Scraped caption text data
##########

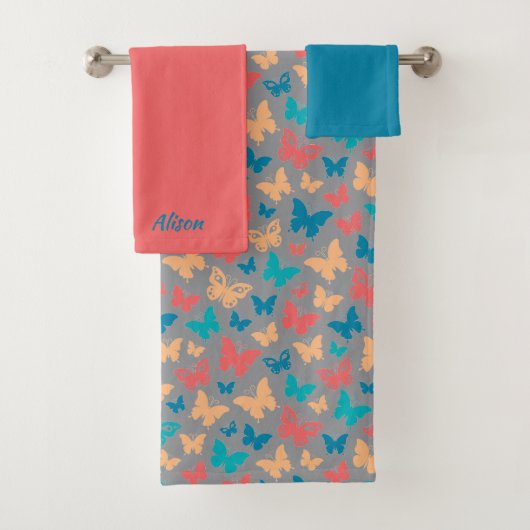Motif papillon facile rose corail turquoise gris (En situation)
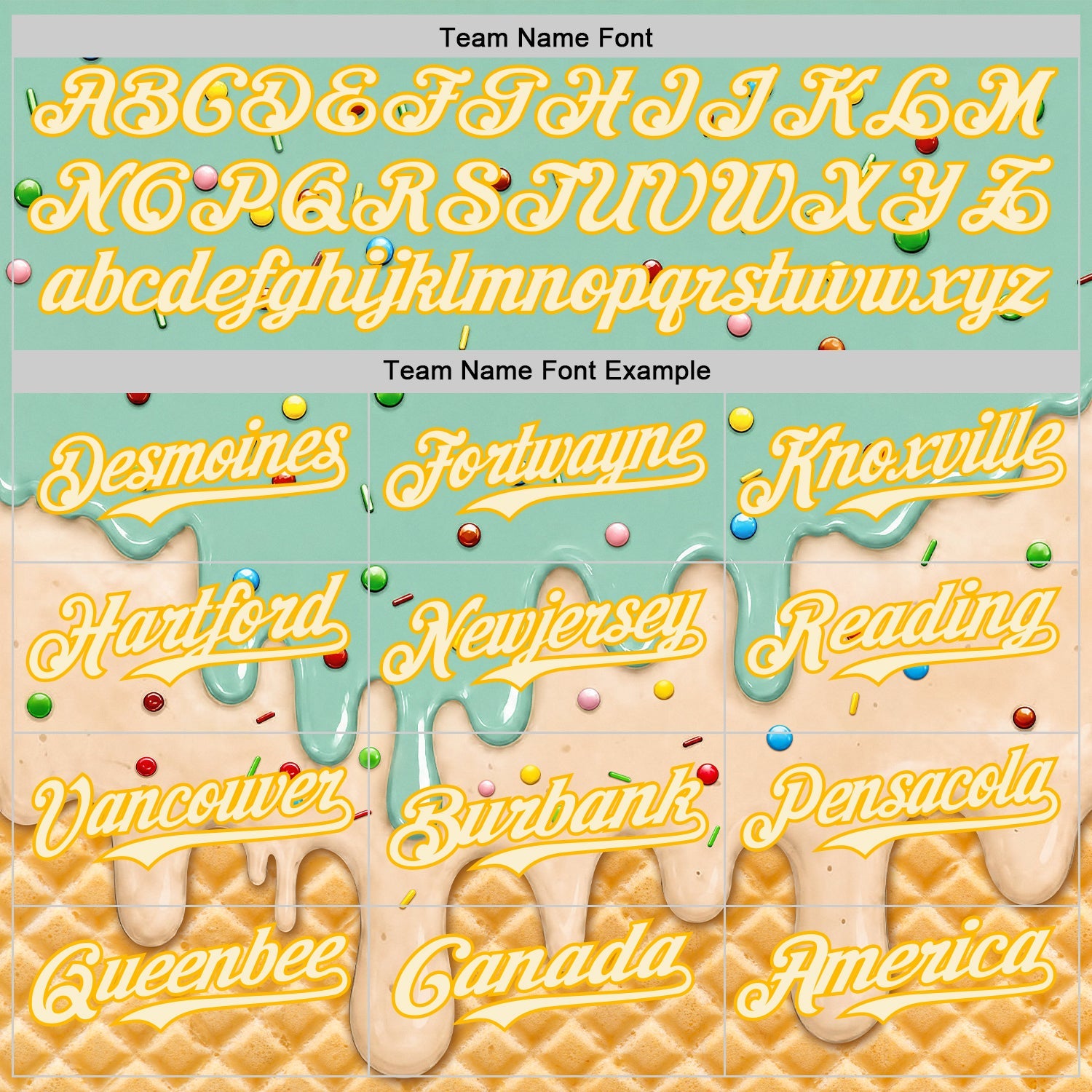 Custom Ice Blue Cream-Gold Ice Cream Waffle Foodie Dessert Authentic Baseball Jersey view 5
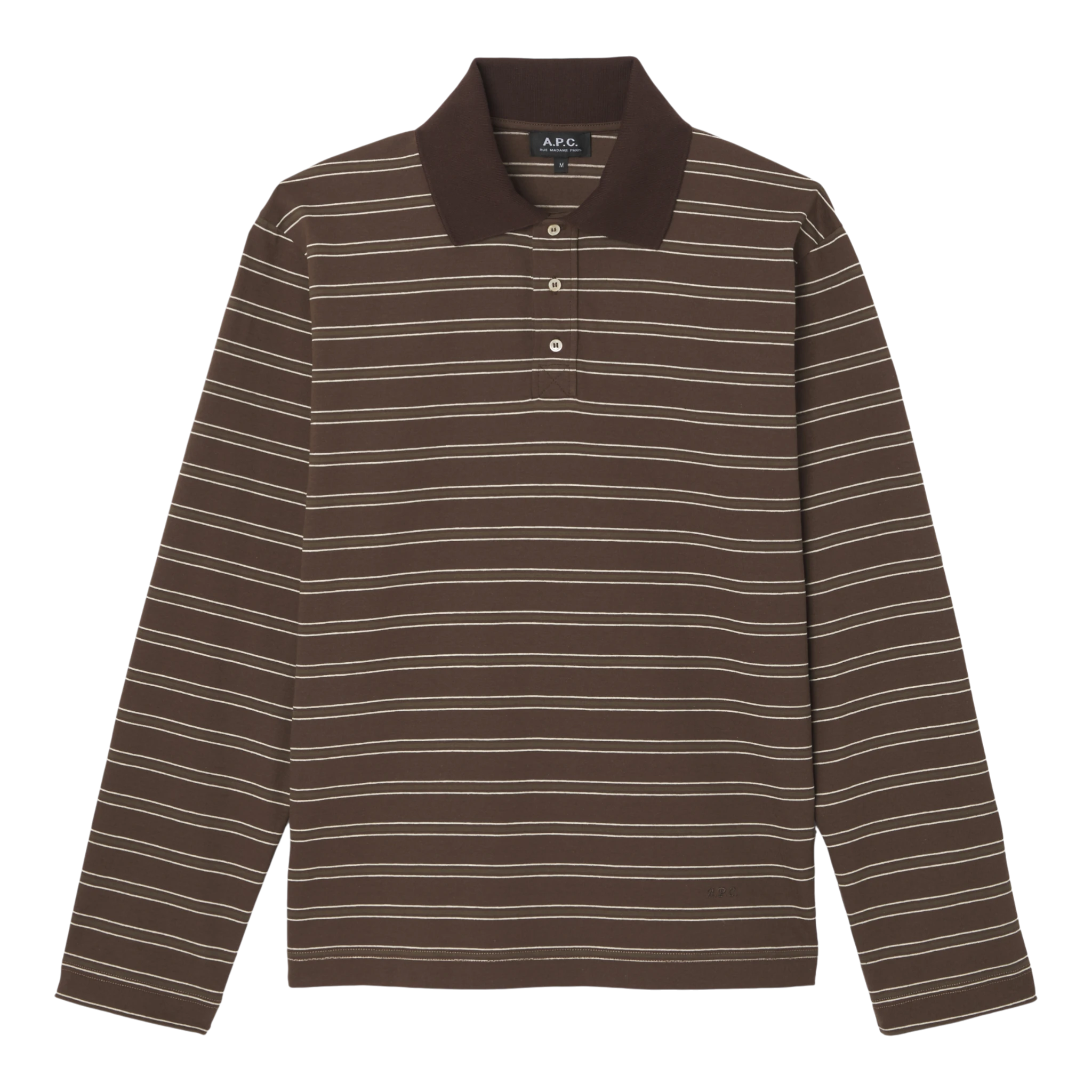 A.P.C Polo Manches Longues Raye Longsleeve - Caa Brown Longsleeve A.P.C 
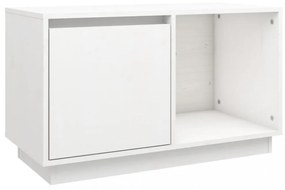 fehér tömör fenyőfa TV-szekrény 74x35x44 cm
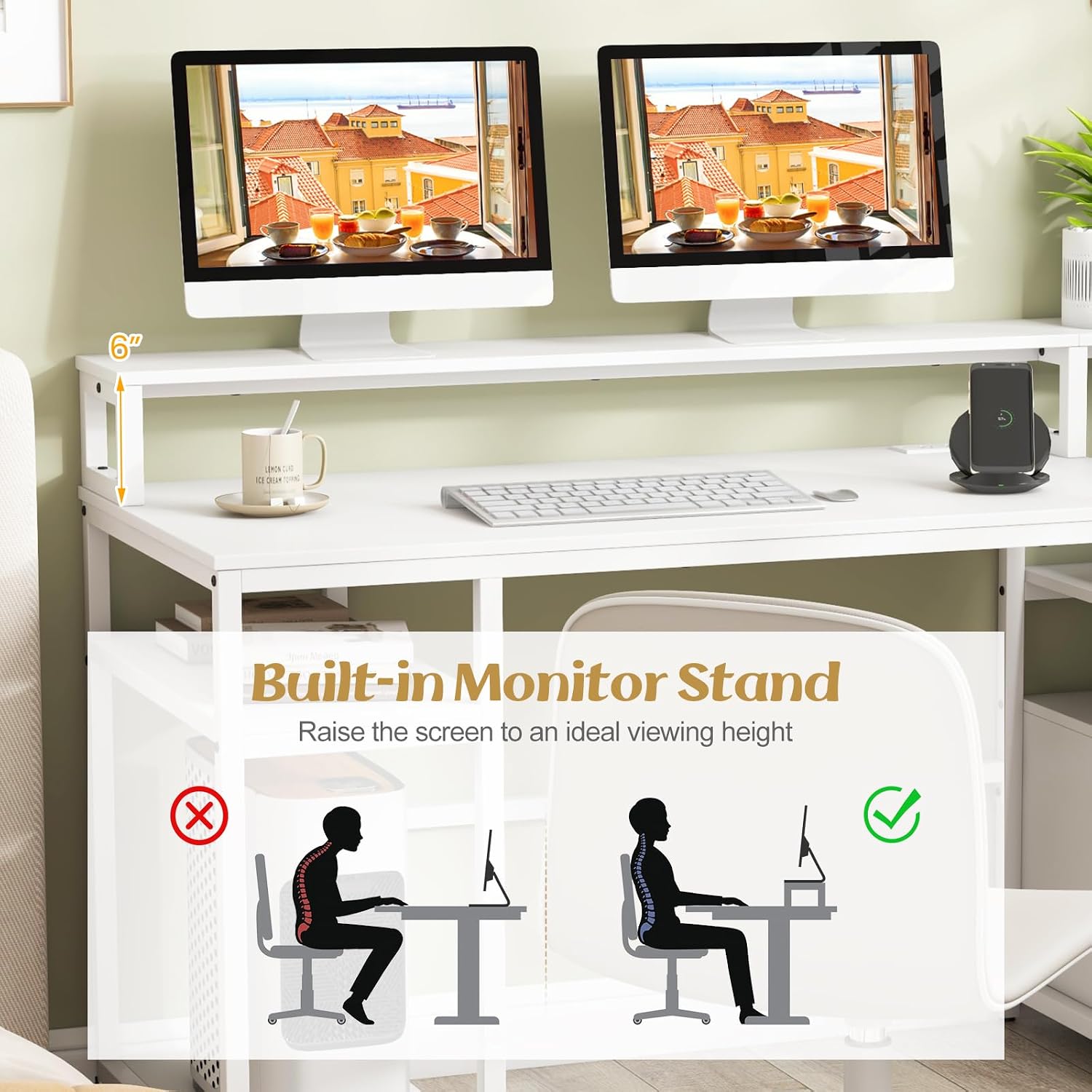 Giantex Computer Desk with Drawer, 66 Inch Computer Workstation with Charging Station, Monitor Stand, Printer Cabinet, CPU Stand & File Drawer, Gaming Table Writing Desk for Bedroom, White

##########

> Assignment: Please set down, exactly and with nothing added, the lines from the line with "fehér tömör fenyőfa TV-szekrény 74x35x44 cm" to the end of the entries above, omitting pictures.

> Response to the task:
 fehér tömör fenyőfa TV-szekrény 74x35x44 cm
 Giantex Computer Desk with Drawer, 66 Inch Computer Workstation with Charging Station, Monitor Stand, Printer Cabinet, CPU Stand & File Drawer, Gaming Table Writing Desk for Bedroom, White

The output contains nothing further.